● EXERCISE INSTRUCTIONS
Write out exactly the lines from the one containing "Terreno à venda" through the last line of the records below, both included, and leave out any pictures.

- Opening Delimiter -

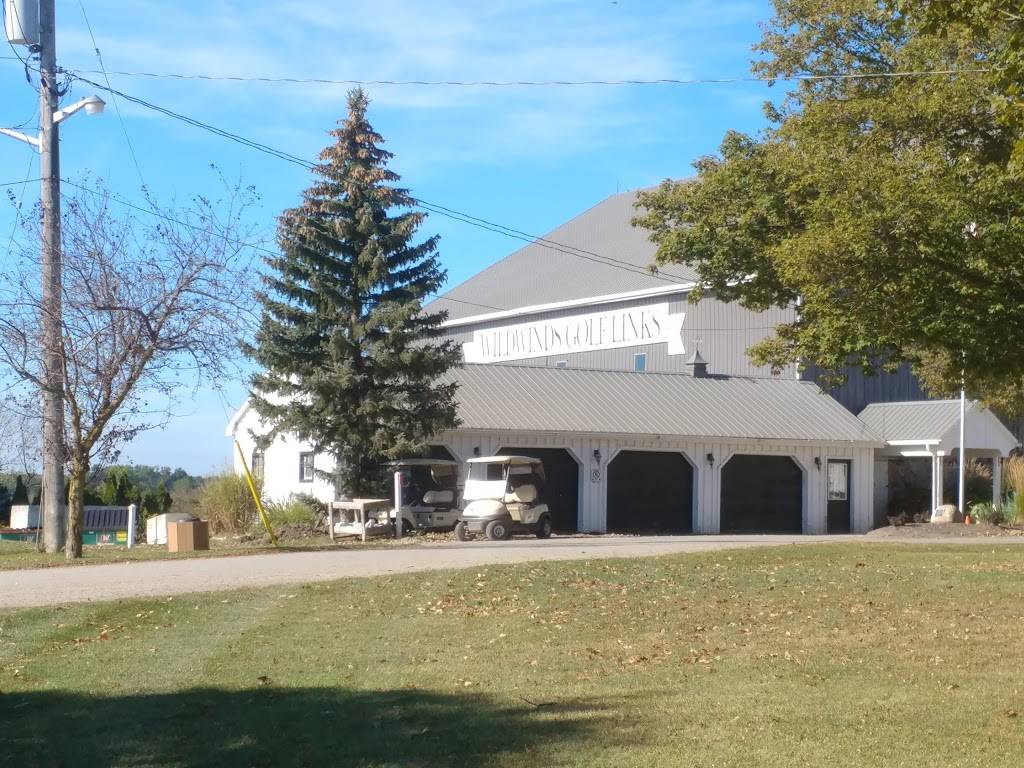 Wildwinds Golf Links | restaurant | 8136 Wellington 22, Centre Wellington, ON N0B, Canada | 5197638700 OR +1 519-763-8700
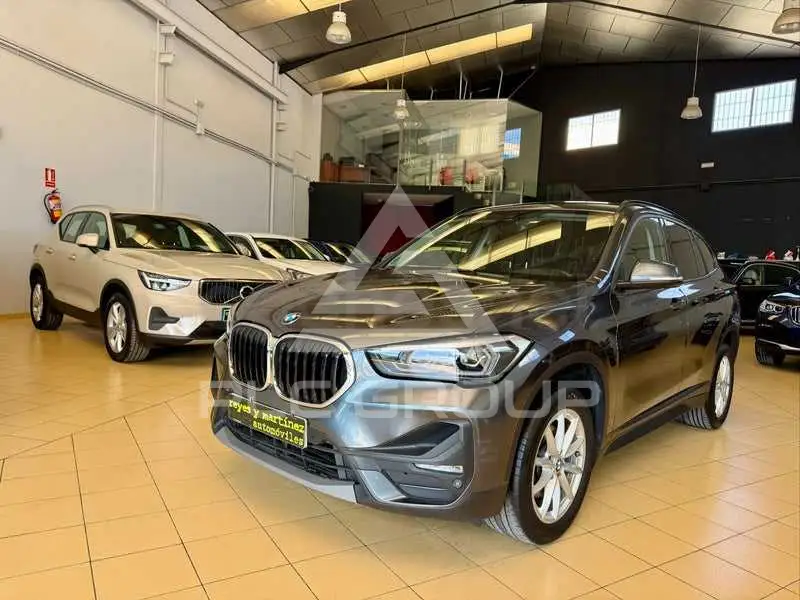 2020 BMW X1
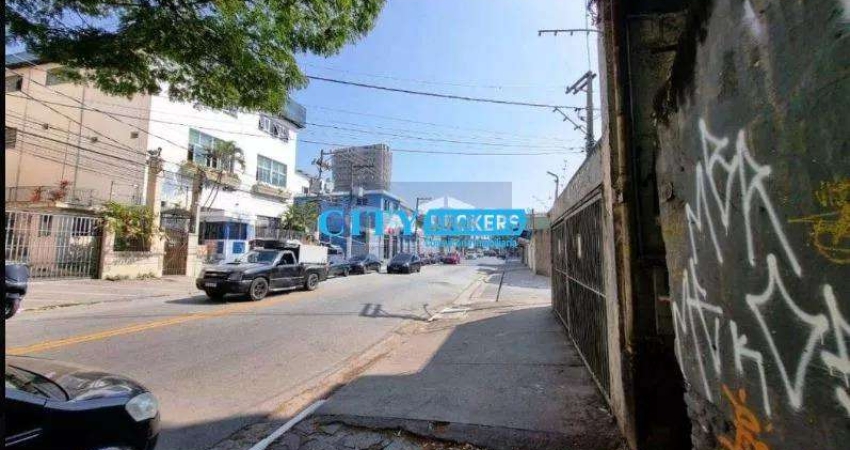 Terreno à venda na Rua Joaquim Marra, --, Vila Matilde, São Paulo
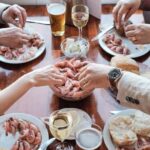 Stockholm All-You-Can-Eat Shrimp or Tacos Cruise & Coverband - What You Can Expect from the Experience
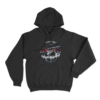 Im Back 2026 Tour Unisex Hoodie Black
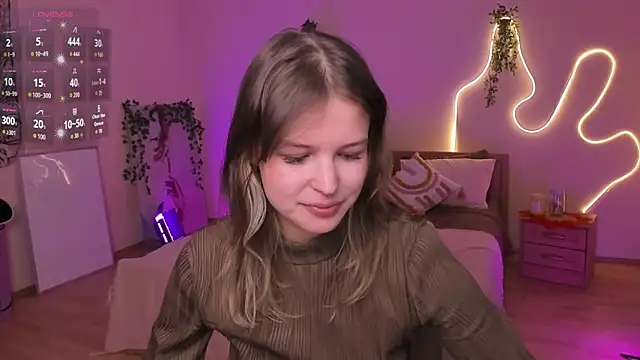 Lisa_Blossom live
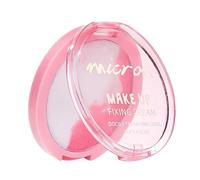 Face Powder Loose, Foundation Primers, Long-Lasting Oil Control Fixing 4.5g Brightening Sensitive Skin Natural Finish Make up Setting Foundation for Women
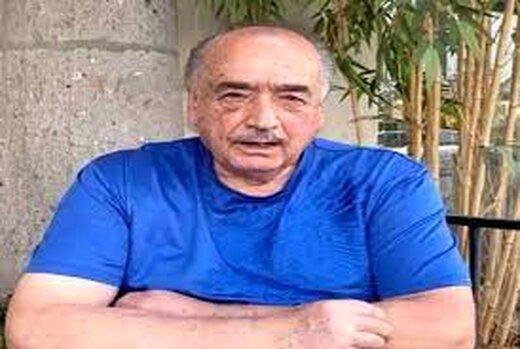 محمود قربانی: خانم گوگوش دروغ گفتی تا خودت را محبوب کنی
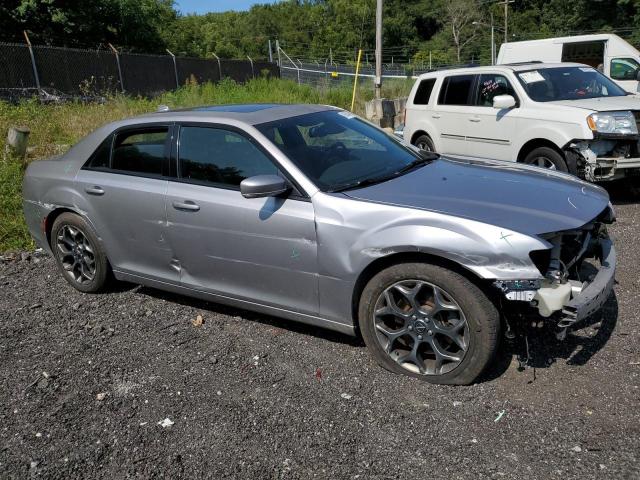  CHRYSLER 300 2015 Серебристый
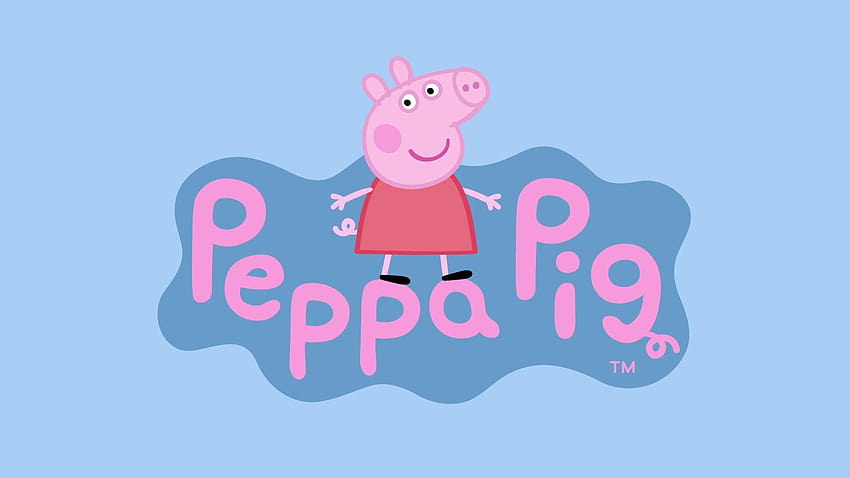 Peppa Pig , Cartoon, HQ Peppa Pig HD wallpaper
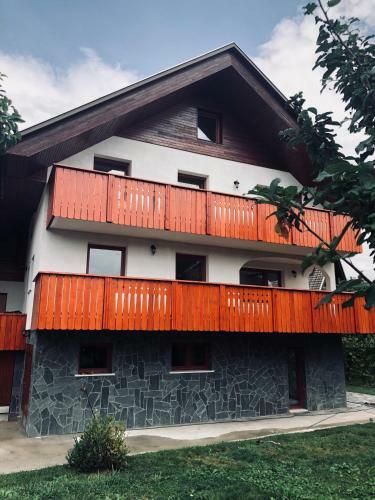 Apartamento Guest House Kobal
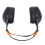 Noise Reduction Earmuffs Foldable Lightweight 10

- Closing Delimiter -

● REPLY TO THE EXERCISE
 Terreno à venda na Rua Joaquim Marra, --, Vila Matilde, São Paulo
 Stockholm All-You-Can-Eat Shrimp or Tacos Cruise & Coverband - What You Can Expect from the Experience
 Im Back 2026 Tour Unisex Hoodie Black
 Lisa_Blossom live
 Face Powder Loose, Foundation Primers, Long-Lasting Oil Control Fixing 4.5g Brightening Sensitive Skin Natural Finish Make up Setting Foundation for Women
 محمود قربانی: خانم گوگوش دروغ گفتی تا خودت را محبوب کنی
  CHRYSLER 300 2015 Серебристый
 Peppa Pig , Cartoon, HQ Peppa Pig HD wallpaper
 Apartamento Guest House Kobal
 Noise Reduction Earmuffs Foldable Lightweight 10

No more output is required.